# Best Face Masks...



## KAIA (Jan 31, 2007)

I Need One Asap!!! Help Please!!!
For Reference I Have Few Blemishes Once In A While, I Have Combination Skin...


----------



## saniyairshad (Mar 9, 2007)

*QUEEN HELENE MINT JULEP MASK*, can be purchased at CVS or Walgreens! I strongly recommend this...it works wonders. http://www.walgreens.com/store/produ...  &id=prod7481


----------



## eastsidesunset (Mar 9, 2007)

I love Lush's Bio Fresh masks, if you can get them. They are amazing!


----------



## Showgirl (Mar 9, 2007)

Quote:

   Originally Posted by *eastsidesunset* 

 
_I love Lush's Bio Fresh masks, if you can get them. They are amazing!_

 
Seconded. With the BEST THING EVER being "Brazened Honey". It's great at tackling nasty breakouts gently but efficiently and soothing skin, too.


----------



## Showgirl (Mar 9, 2007)

oh, and - another great mask, but really gentle (not a real "breakout tackling" one) is just to shove normal honey - preferably organic - on your face and leave for about half an hour or so.


----------



## jess98765 (Mar 10, 2007)

i've tried the lush ones and they are truely amazing.  right now though i'm using a moisturising mask from Biiotherm cos my skin sucks big time..... so dry and plain yucky...


----------



## redambition (Mar 10, 2007)

lush cosmetic warrior. smells a bit weird but does miracles... and if you're having a breakout you can use it every day.


----------



## user79 (Mar 12, 2007)

The Aspirin mask! Homemade too...Love it.


----------



## SagMaria (Mar 13, 2007)

Marcelle Clay Mask!


----------



## LatinaRose (Mar 14, 2007)

I really like the olay blue clay mask from the drugstore, but I will definitely be trying the fresh face mask from lush very soon.  will post results here when I do.


----------



## Vash (Mar 15, 2007)

I agree with all the lush recomendations.Brazened Honey is Great


----------



## spectrolite (Mar 16, 2007)

What others have said already - Lush masks and also just plain ol natural youghurt 
	

	
	
		
		

		
		
	


	




 Works wonders!


----------



## deeaimond (Mar 25, 2007)

honey, oatmeal and yoghurt work well.

but my absolute favourite is green bean powder, mixed with egg white. applied on face for about 5 mins, then rub in curculating motion before rinsing off. no soap needed. It cheap, and works wonder. i used to break out all the time. a friend from taiwan reccommended this. I know in Singapore you can find green bean powder in organic food stores. 

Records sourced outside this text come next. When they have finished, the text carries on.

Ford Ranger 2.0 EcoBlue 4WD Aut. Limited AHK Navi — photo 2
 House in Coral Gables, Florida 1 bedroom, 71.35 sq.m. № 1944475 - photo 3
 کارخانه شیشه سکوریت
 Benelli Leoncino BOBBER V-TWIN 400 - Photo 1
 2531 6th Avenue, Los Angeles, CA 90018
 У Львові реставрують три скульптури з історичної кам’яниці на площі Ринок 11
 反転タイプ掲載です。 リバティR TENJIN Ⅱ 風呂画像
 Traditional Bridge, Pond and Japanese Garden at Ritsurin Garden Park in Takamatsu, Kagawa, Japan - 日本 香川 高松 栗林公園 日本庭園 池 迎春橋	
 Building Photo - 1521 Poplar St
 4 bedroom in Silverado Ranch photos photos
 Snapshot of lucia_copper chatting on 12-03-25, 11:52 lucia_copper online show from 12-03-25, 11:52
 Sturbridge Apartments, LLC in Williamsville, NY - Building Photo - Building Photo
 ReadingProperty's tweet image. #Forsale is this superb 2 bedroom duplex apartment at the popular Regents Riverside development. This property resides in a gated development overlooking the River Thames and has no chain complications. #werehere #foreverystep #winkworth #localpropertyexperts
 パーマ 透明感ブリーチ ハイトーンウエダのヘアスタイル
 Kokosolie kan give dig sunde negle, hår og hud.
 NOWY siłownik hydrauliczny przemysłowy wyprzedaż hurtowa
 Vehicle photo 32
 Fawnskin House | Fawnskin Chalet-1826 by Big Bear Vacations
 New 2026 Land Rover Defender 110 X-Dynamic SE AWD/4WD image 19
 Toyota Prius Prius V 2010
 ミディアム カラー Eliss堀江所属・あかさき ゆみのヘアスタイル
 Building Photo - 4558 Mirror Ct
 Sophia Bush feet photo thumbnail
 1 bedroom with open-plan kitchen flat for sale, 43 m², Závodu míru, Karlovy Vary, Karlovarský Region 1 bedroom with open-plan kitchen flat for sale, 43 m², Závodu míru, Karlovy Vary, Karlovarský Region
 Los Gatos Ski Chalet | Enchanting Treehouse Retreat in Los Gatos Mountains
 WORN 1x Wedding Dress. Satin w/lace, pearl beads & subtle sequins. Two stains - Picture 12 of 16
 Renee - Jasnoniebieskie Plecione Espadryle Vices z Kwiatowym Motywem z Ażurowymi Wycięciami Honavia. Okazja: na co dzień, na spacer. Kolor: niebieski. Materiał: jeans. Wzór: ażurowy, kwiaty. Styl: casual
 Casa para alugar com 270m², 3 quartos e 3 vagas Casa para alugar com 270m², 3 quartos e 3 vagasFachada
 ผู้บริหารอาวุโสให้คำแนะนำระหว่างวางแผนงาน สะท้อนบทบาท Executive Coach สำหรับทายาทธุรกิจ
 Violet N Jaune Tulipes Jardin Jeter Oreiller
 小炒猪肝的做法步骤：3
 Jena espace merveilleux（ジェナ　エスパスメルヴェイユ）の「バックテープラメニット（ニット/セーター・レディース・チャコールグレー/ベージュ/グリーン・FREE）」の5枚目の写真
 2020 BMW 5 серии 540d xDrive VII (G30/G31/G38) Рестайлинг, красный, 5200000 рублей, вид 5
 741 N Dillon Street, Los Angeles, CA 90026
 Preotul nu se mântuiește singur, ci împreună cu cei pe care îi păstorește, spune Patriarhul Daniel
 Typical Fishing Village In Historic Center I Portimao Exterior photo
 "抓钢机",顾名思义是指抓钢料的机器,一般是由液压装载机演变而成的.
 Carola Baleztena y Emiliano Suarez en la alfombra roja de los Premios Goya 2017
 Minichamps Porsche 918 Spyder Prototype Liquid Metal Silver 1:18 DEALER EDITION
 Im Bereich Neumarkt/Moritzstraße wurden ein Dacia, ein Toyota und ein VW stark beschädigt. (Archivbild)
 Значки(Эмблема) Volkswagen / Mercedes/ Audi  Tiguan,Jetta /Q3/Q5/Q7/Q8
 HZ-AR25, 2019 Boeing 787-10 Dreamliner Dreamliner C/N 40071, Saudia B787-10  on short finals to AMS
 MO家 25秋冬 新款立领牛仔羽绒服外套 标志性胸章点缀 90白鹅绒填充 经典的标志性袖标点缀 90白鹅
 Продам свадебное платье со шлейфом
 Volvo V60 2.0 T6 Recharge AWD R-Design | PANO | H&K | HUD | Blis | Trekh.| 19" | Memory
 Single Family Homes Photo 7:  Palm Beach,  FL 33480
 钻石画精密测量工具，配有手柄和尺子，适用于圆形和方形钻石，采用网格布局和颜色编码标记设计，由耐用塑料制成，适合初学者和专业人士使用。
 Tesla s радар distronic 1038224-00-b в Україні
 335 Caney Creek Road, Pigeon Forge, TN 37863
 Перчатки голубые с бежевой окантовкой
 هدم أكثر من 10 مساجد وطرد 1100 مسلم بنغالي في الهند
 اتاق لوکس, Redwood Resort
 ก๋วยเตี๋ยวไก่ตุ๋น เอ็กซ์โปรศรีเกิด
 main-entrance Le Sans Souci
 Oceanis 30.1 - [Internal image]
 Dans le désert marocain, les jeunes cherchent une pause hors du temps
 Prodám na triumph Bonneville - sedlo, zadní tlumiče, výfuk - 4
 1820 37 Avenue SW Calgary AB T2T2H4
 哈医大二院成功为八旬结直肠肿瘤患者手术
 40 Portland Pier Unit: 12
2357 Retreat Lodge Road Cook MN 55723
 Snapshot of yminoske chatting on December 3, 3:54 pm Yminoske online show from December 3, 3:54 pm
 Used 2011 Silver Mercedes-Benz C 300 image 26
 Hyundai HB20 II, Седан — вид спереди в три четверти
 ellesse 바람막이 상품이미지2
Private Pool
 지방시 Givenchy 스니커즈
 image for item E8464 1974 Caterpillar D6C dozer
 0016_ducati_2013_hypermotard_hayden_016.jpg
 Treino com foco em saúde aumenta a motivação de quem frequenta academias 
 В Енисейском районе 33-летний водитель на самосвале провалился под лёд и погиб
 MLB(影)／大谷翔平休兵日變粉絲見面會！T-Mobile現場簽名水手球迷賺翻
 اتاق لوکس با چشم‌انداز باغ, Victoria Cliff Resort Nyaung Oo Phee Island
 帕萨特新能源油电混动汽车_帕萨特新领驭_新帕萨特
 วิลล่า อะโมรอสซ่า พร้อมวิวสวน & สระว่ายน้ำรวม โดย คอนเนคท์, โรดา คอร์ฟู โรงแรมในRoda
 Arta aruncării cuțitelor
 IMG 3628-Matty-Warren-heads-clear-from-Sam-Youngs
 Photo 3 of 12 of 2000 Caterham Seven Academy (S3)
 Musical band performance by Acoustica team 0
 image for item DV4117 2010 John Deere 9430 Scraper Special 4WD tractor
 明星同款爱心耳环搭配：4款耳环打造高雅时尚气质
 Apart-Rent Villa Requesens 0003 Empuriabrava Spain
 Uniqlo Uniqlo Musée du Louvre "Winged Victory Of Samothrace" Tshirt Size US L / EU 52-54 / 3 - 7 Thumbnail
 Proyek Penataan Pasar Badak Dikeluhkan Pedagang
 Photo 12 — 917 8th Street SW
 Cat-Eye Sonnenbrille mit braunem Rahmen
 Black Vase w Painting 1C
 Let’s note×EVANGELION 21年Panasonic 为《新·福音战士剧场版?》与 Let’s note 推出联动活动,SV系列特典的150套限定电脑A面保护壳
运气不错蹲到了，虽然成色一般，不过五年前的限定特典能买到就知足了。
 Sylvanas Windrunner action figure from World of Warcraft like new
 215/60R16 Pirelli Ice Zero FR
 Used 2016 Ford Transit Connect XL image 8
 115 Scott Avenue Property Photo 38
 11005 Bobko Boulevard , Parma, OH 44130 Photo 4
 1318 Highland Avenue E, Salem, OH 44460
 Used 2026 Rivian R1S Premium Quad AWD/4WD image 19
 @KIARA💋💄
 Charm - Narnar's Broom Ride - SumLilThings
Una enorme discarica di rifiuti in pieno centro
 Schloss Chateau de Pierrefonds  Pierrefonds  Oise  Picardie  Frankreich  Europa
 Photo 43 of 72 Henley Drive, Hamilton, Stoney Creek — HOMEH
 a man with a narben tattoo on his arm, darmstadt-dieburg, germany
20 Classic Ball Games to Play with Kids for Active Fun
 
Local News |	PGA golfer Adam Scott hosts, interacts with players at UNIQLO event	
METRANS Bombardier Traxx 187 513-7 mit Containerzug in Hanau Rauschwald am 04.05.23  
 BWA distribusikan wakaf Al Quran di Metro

I used to use storebought masks, but my skin stung after a mask more often than not. this alternative is really really cheap, like a few cents per mask, and no allergies ever!


----------



## Hawkeye (Mar 25, 2007)

Honestly- and I'm gonna get belted for saying this: The ProActive acne mask is probably one of the better ones I've used and then a close second is the Joey NYC pore refining mask. That is wonderful stuff IMHO


----------



## Bernadette (Mar 28, 2007)

I'm way late but I just have to mention what a miracle working products Borgehese Fango and/or Fango Delicato are. It's pricey but SO worth it!


----------



## Poshy (Mar 30, 2007)

I love the Face Mask from Institut Karitè. They works really and smell so great. You should try this.


----------



## mskitchmas (Mar 30, 2007)

Rare Earth Facial Cleansing Masque from Kiehl's. Any of the Kiehl's stuff is great. Pricey, but good.


----------



## user79 (Apr 2, 2007)

Quote:

   Originally Posted by *KAIA* 

 
_I Need One Asap!!! Help Please!!!
For Reference I Have Few Blemishes Once In A While, I Have Combination Skin..._

 
Try a homemade aspirin mask. It exfoliates nicely as well.


----------



## Beauty Mark (Apr 2, 2007)

I like anything by Lush, although the Queen Helene's Mint Julep mask gets used a lot by me


----------



## haute_muffy (Apr 2, 2007)

I agree with MissChievous- The aspirin mask is the best! 
	

	
	
		
		

		
		
	


	



I add a tiny amount of aloe vera to mine.  
Except for my beloved Pond's cold cream, I've literally thrown _everything_ else away because it's cleared up my skin so well ...other cleansers, soaps, exfoliators, astringents, masks, various 'magic' potions and gobblely goops--GONE.


----------



## Pretty (Apr 5, 2007)

Clinique's Deep Cleansing Emergency Mask


----------